Automotive technology has changed dramatically in recent years, and automotive technicians need to keep on top of things. Advanced Driver Assistance Systems (ADAS) alone, have changed the landscape, and now technicians need to understand ADAS calibration when working on modern vehicles. Advanced driver assistance systems calibration is a must before these vehicles are returned to the customer, when certain types of repairs are performed. ADAS includes a number of technologies that technicians must be familiar with. Today’s automotive software and car electronics are very advanced. Adaptive Cruise Control (ACC), or Intelligent Cruise Control, as it’s known, is quickly becoming the norm, and won’t work properly after a repair, unless the technician is able to use calibration software and hardware to make sure the ACC system is getting its data from cameras that are pointing in the right direction.

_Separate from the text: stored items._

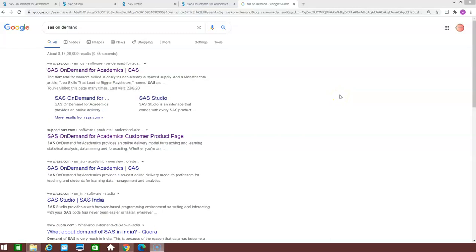Hello everyone, welcome to my channel Smart Statistical Programmer. In the first video of the series, we will be learning how to use SAS on demand.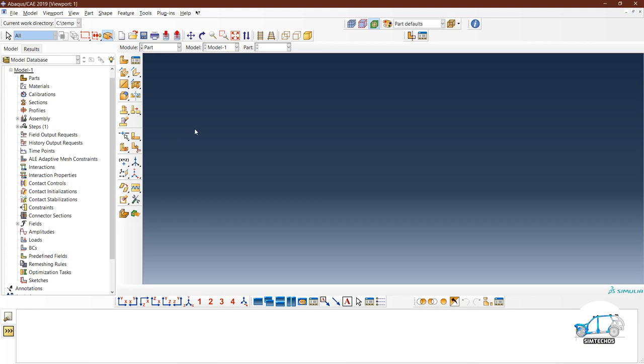Greetings to all, welcome to the channel. In this playlist we will learn Abaqus basics. Even if you have never used the Abaqus software, you can start watching this series and become familiar with it. This is the first video and today we will see some introduction to the Abaqus GUI.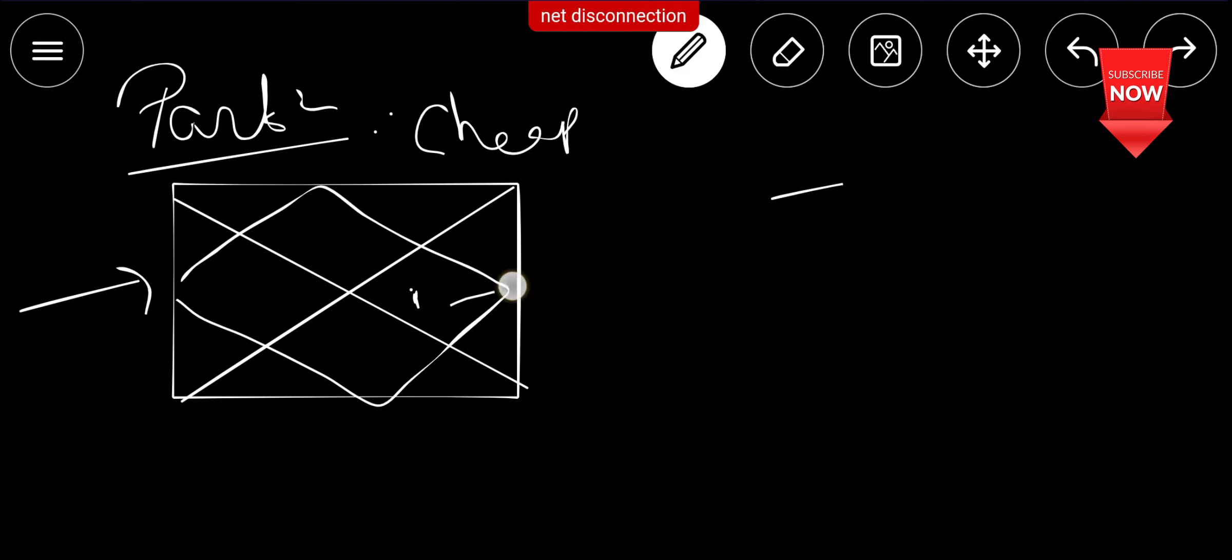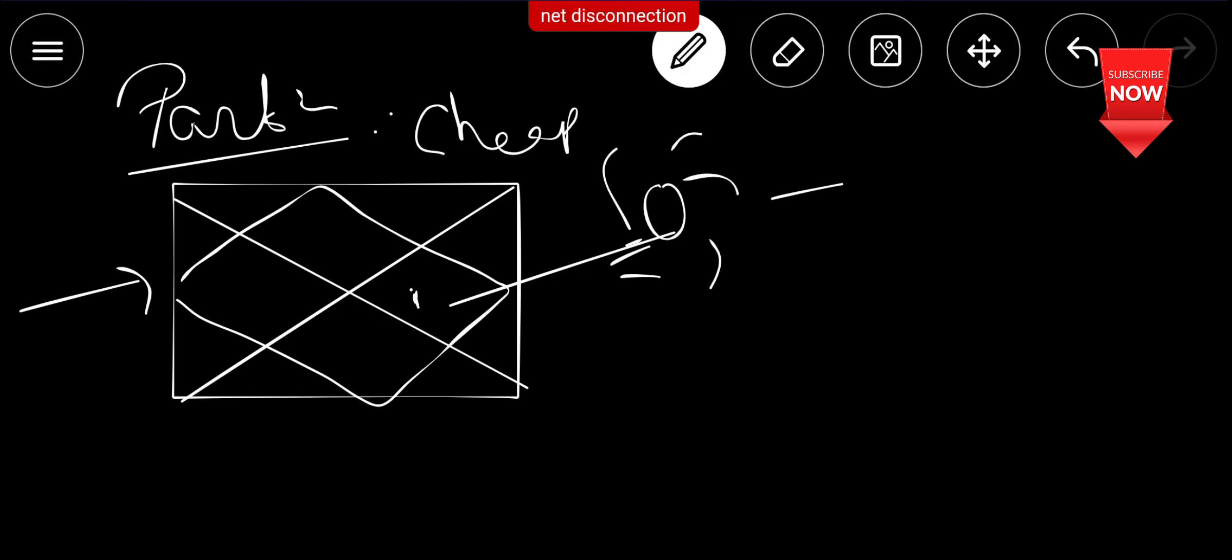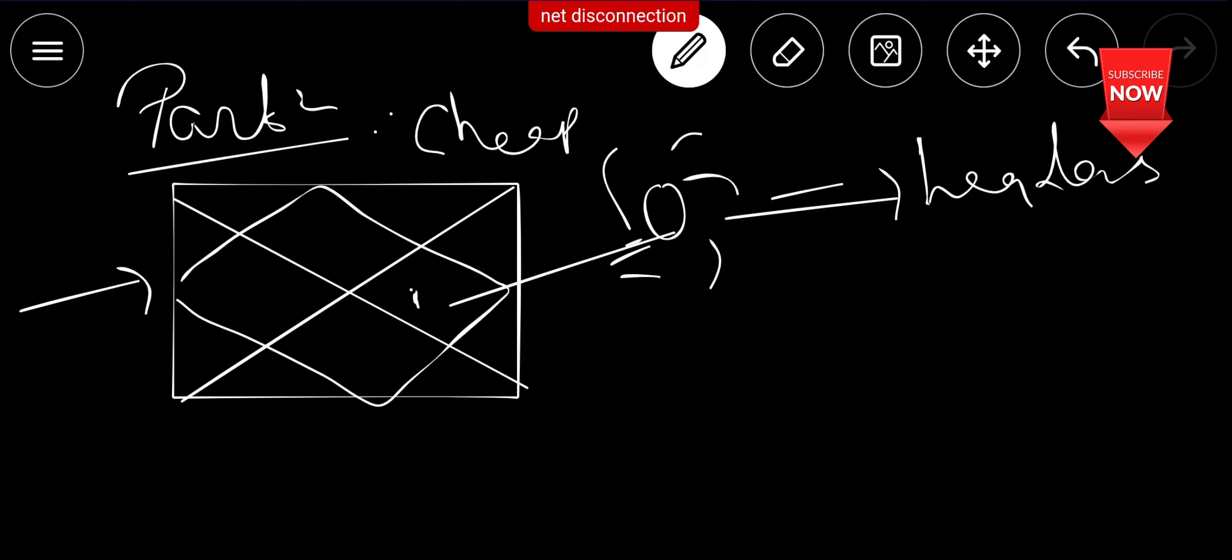Now if Sun is present in the 10th house, whatever the Lagna you have, whatever the sign, but Sun is placed, Sun will behave as the leadership qualities. So your mother-in-law will behave as a leader of the family, head of the family.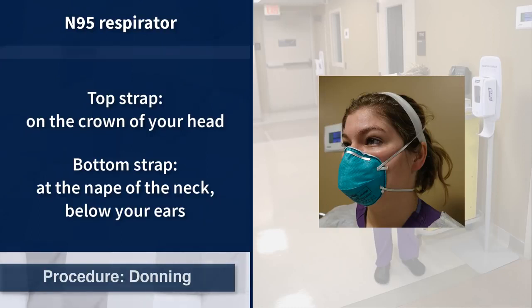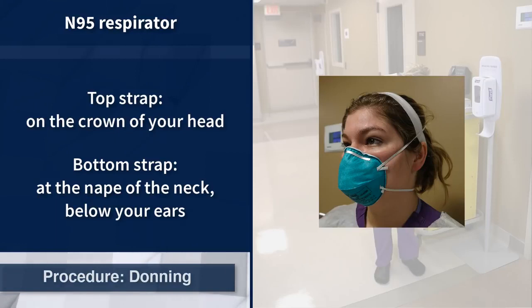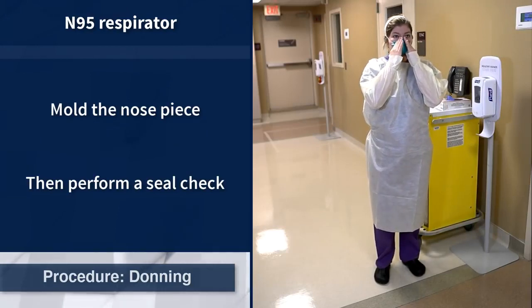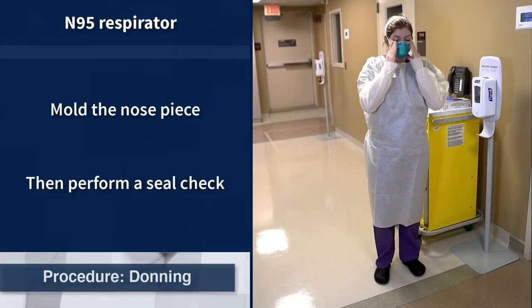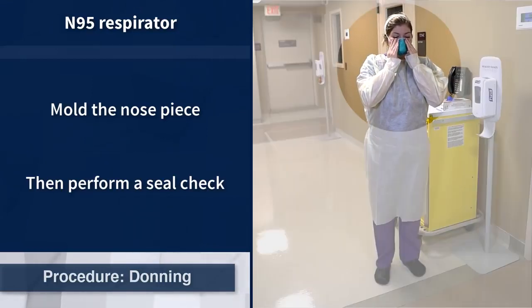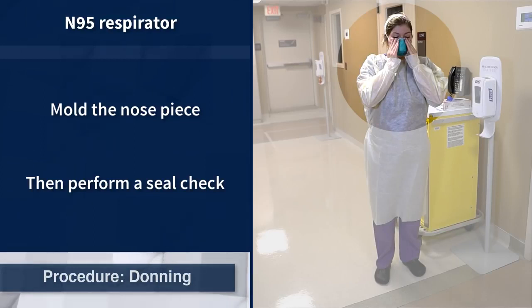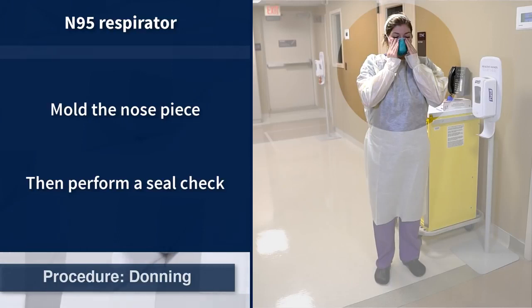There are two straps on the N95 respirator. The proper placement of the top strap is on the crown of the head while the bottom strap sits at the nape of the neck below the ears. Do not crisscross the straps. Once the N95 respirator is in place, the nose piece should be gently molded to the bridge of the nose and a seal check performed by inhaling and exhaling quickly while using fingers to feel for air leaks around the edges of the mask. If air is escaping around the nose, remold the nose piece and repeat the seal check. If air escapes from the sides or bottom of the respirator, readjust the respirator and repeat the seal check until no air leaks are found.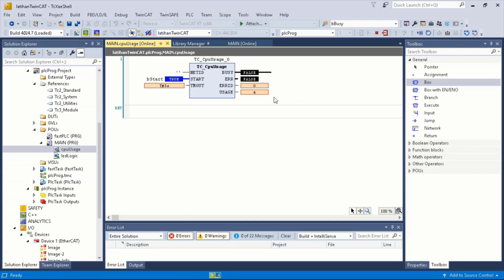Let's trigger Start, and you will see the value appear, which is the same as the CPU usage by TwinCAD.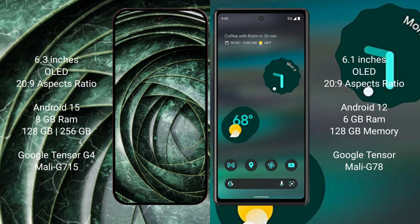The Google Pixel 9a runs on the Android 15 operating system, while the Google Pixel 6a runs on the Android 12 operating system.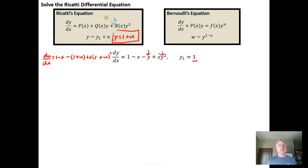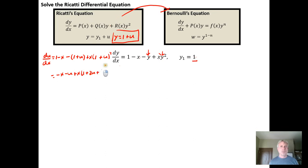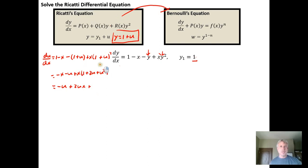Now we simplify and manipulate the Riccati equation into Bernoulli form. Distributing the minus sign gives 1 - x - 1 - u, and 1 - 1 = 0, so we have minus x minus u. Then x times (1 + u)² expands as x times (1 + 2u + u²). Distributing x gives minus x minus u plus 2xu plus x, and minus x plus x cancels, leaving minus u plus 2xu plus xu².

Expect the increase in the number of electric vehicles (EVs) on the road to change the way you run your business. Thanks in part to the car electronic chip shortage, we’re not seeing an EV wave, but we can rest assured that it’s coming. And with it, will come questions from customers that technicians and garage owners must be ready to deal with. Electric car charging is sure to be a topic of conversation, and as a service provider you will likely have to invest in an electric car charging station of your own. You might even be asked to recommend a home fast charger for electric cars. Will you be ready to answer your customers’ questions? Electronic chips for cars won’t be in short supply forever. Sooner or later all automotive technicians will have to wrap their minds around the next wave of EVs, understanding how they work and how they need to be fixed. Automotive technicians will have to master the latest auto mechanic software and car scanner software to work on this new breed of vehicles. Gone will be the days when a car diagnostic software PC, a car multimeter or a mechanics oscilloscope could help diagnose a problem and fix it. When it comes to EVs, they’re in league of their own.
Electronic control unit
Even today, thanks to innovations like the electronic control unit (ECU), cars are smarter than they were in years gone by. The CANbus, or CAN bus (Controller Area Network) bus allows microcontrollers and devices to communicate with each other. Each electronic control unit is able to communicate with other ECUs thanks to the CANbus. A system like this even allows a vehicle manufacturer to take advantage of CANbus LED bulbs, which work with, monitor, and report functionality to a vehicle’s control system. So just as today’s automotive technicians have to wrap their minds around how an automotive wiring junction box works, or the impact a faulty electronic ignition module may have on engine performance, or even how to diagnose a faulty car security system, tomorrow’s techs will have new challenges to deal with as vehicle technologies continue to evolve and advance. Knowing the different technologies of the automotive industry is important to fully understand the components of modern vehicles and the tools to use to maintain and repair them.